He was trailed by an anxious corpsman, saying, "Remember, sir, try not to
talk so much, till after the doctor's had a chance to give your throat the
irrigation treatment."
The grey light of dawn was making the windows pale. He sat on the edge of
the bed and took her hand, rubbing it. "You're cold, dear Captain," he
whispered hoarsely. She nodded.

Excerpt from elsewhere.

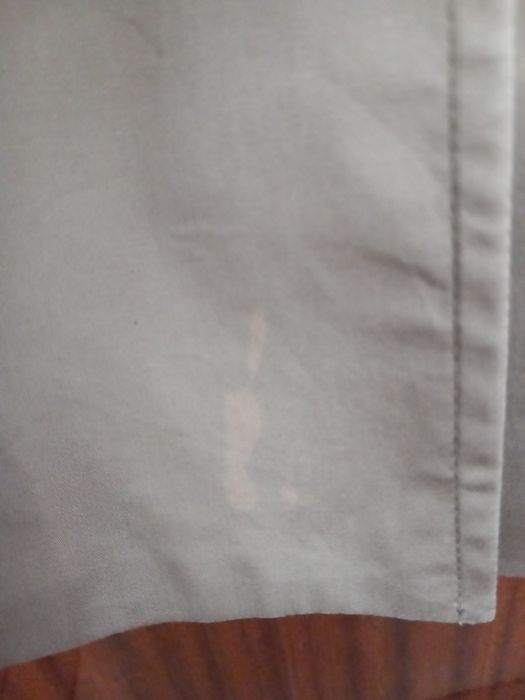 Дамски ризи H&M размер M и тренчот Guess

Her chest ached, her throat was raw, and her
sinuses burned.
"I should never have let them talk me into taking the job," he went on.
"So sorry . . ."
"I talked you into it, too. You tried to warn me. Not your fault. It
seemed right for you. Is right."
He shook his head. "Don't talk. Makes scar tissue on the vocal cords."

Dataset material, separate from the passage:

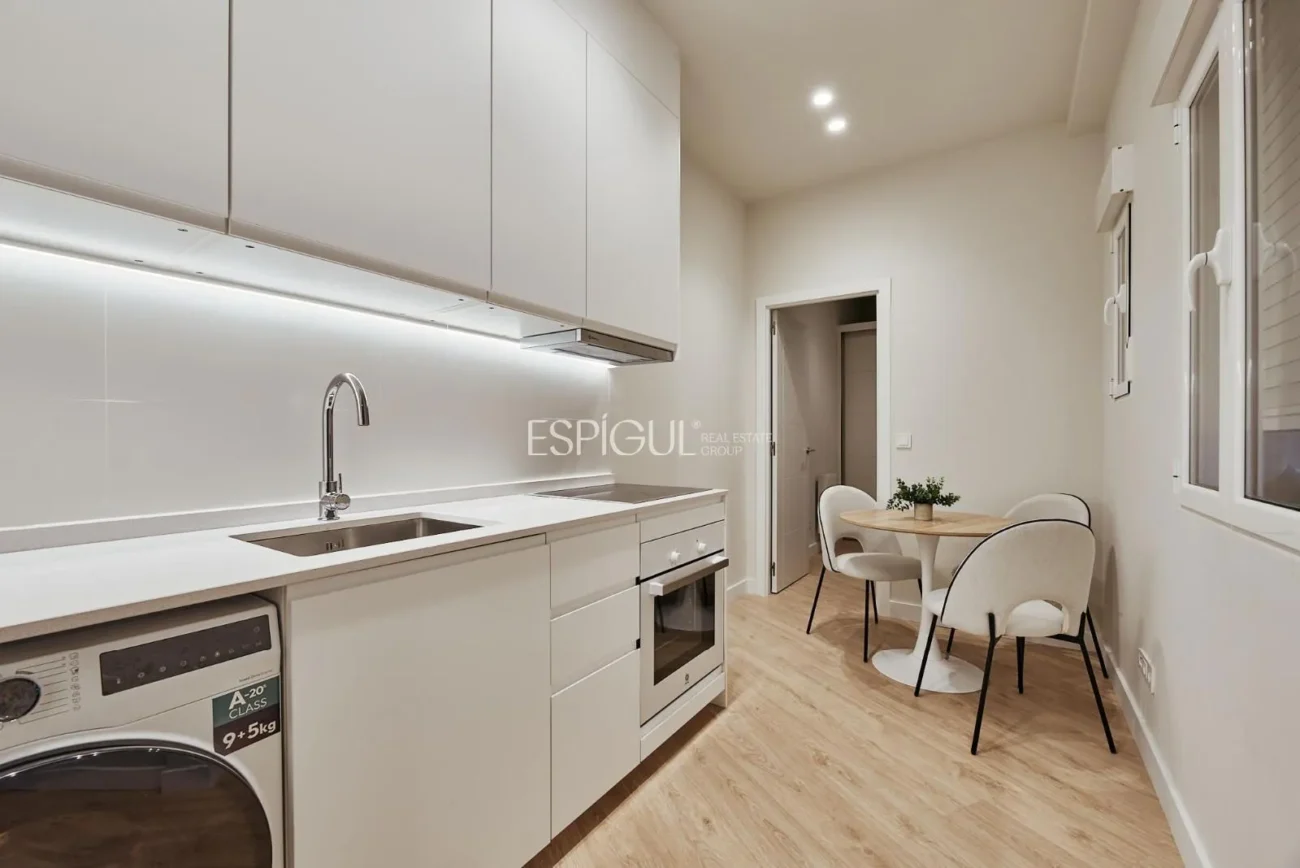 Ground floor on Juan Bravo Street, Salamanca District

She gave vent to a joyless "Ha!" and laid a finger across his lips as he
started to speak again. He nodded, resigned, and they remained looking at each
other for a time. He pushed her tangled hair back gently from her face, and
she captured the broad hand to hold against her cheek for comfort, until he
was hunted out by a posse of doctors and technicians and driven off for a
treatment. "We'll be in to see you shortly, Milady," their chieftain promised
ominously.
They returned after a while, to make her gargle a nasty pink fluid, and
breathe into a machine, then rumbled out again. A female nurse brought her
breakfast, which she did not touch.
Then a committee of grim-faced doctors entered her room. The one who had
come from the Imperial Residence in the night was now smartly groomed and
neatly dressed in civilian clothes. Her own personal physician was flanked by
a younger, black-browed man in Service greens with captain's tabs on his
collar. She gazed at their three faces and thought of Cerberus.
Her man introduced the stranger. "This is Captain Vaagen, of the Imperial
Military Hospital's research facility. He's our resident expert on military
poisons."
"Inventing them, or cleaning up after them, Captain?" Cordelia asked.
"Both, Milady." He stood at a sort of aggressive parade rest.
Her own man had the look about his eyes of someone who had drawn the short
straw, although his lips smiled. "My Lord Regent has asked me to inform you of
the schedule of treatments, and so on. I'm afraid," he cleared his throat,
"that it would be best if we scheduled the abortion promptly. It is already
unusually late in your pregnancy for it, and it would be as well for your
recovery to relieve you of the physiological strain as soon as possible."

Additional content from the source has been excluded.